Convergence in measure implies convergence in $L^p$ under the hypothesis of domination

Given a sequence $f_n \in L^p$ and $g \in L^p$, with $|f_n| \leq g$, I am trying to show that $f_n \to f$ in measure implies $f_n \to f$ in $L^p$.

Firstly, I know that if $f_n \to f$ in measure, then there is a subsequence $f_{n_i}$ such that $f_{n_i} \to f$ almost everywhere. Then I can use the dominated convergence theorem to show that $\lVert f_{n_i} - f_p\rVert \to 0$.
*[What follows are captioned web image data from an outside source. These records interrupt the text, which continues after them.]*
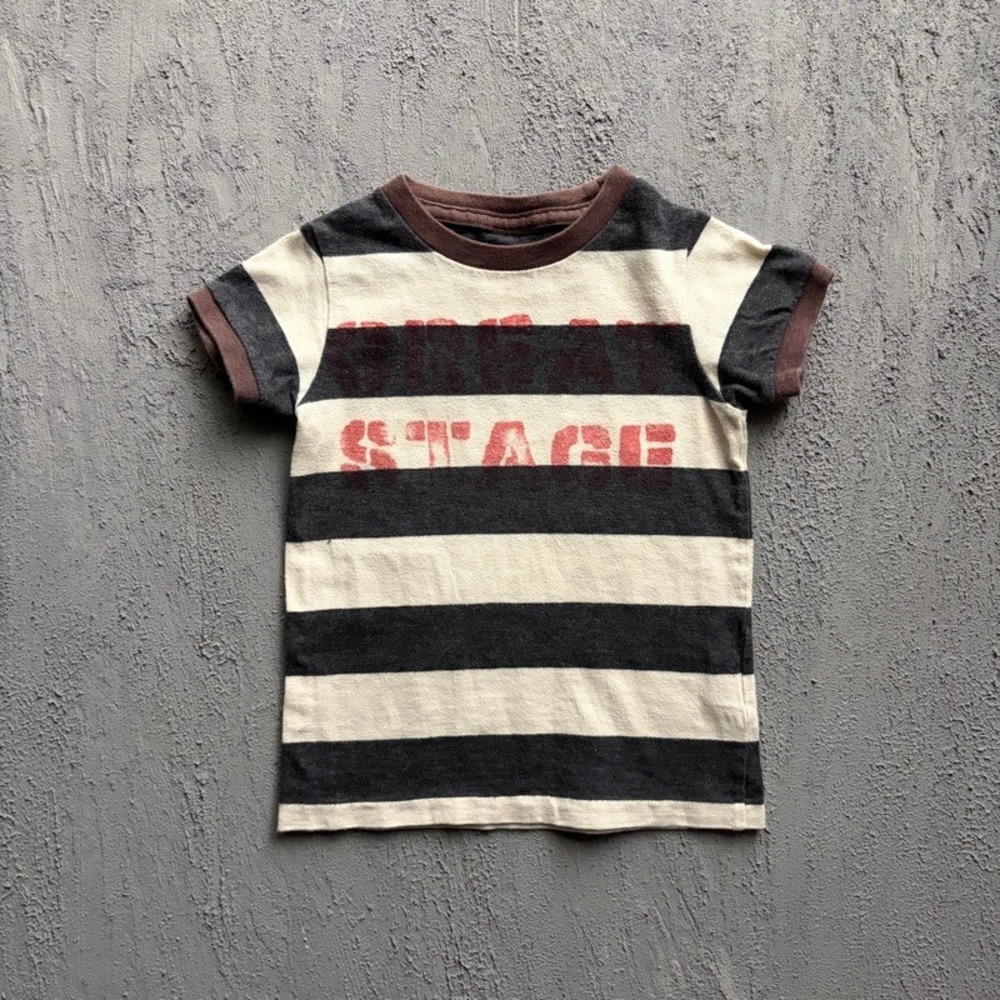 Vintage Denim Dungaree T Shirt XS Black Striped Japan Baby Tee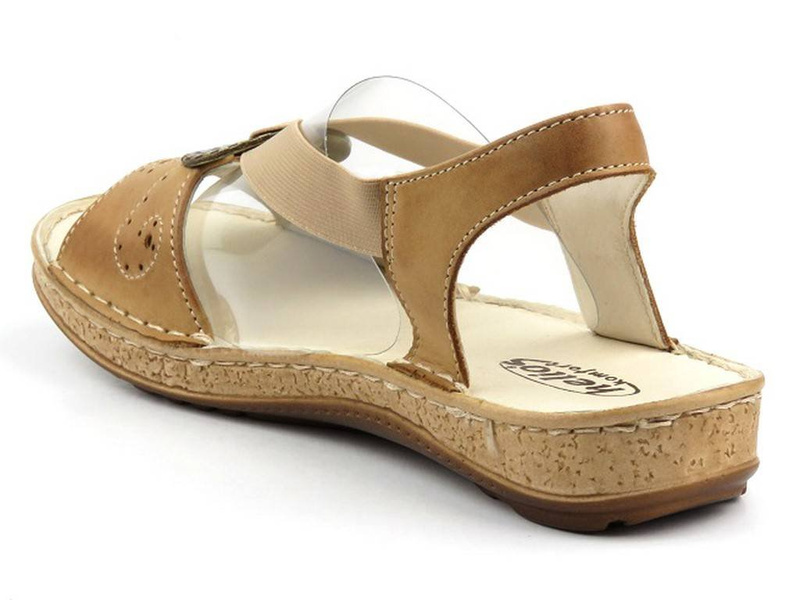 Skórzane sandały damskie z klamrą - Helios Komfort 672, jasnobrązowe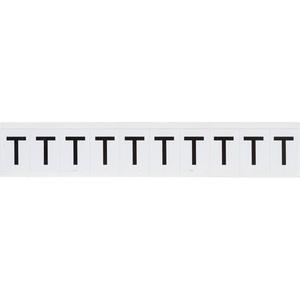 Individual Number & Letter Labels - T, Black on White, 1", 10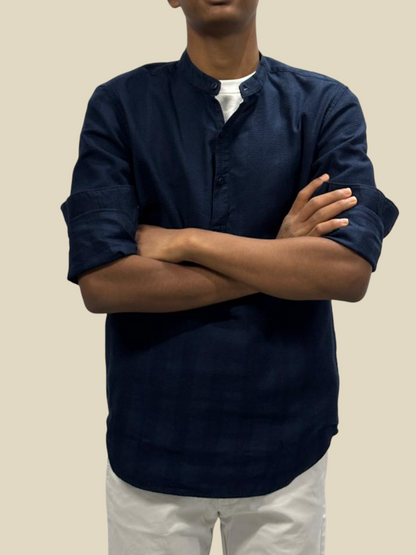 Versatile Cotton Kurta Shirt - Deep Navy Blue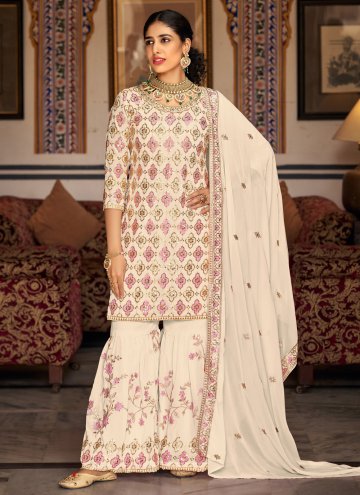 Cream color Embroidered Faux Georgette Palazzo Suit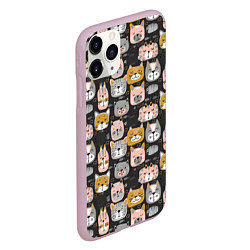 Чехол iPhone 11 Pro матовый Коты и рыбки, цвет: 3D-розовый — фото 2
Now I am trying to show that $\lVert f_n - f\rVert_p \to 0$. My idea is to assume that $\lVert f_n - f\rVert_p \nrightarrow 0$ and then show that this contradicts the fact that $\lVert f_{n_i} - f\rVert_p \to 0$, but I am not sure of the details. Can anyone help me finish the argument?


Solution 1:

If $\lVert f_n - f\rVert_p \nrightarrow 0$, there exist a subsequence $ f_{n_i} $ such that $ \| f_{n_i} - f\| _p \ge \varepsilon $ for some $ \varepsilon >0 $. But $ f_{n_i} $ still converges in measure to $ f $. So, again There is a subsequence $ f_{n_{i_j}} $ of the $ f_{n_i} $ such that $ \|f_{n_{i_j}} - f\|_p \rightarrow 0$, and this is a contradiction.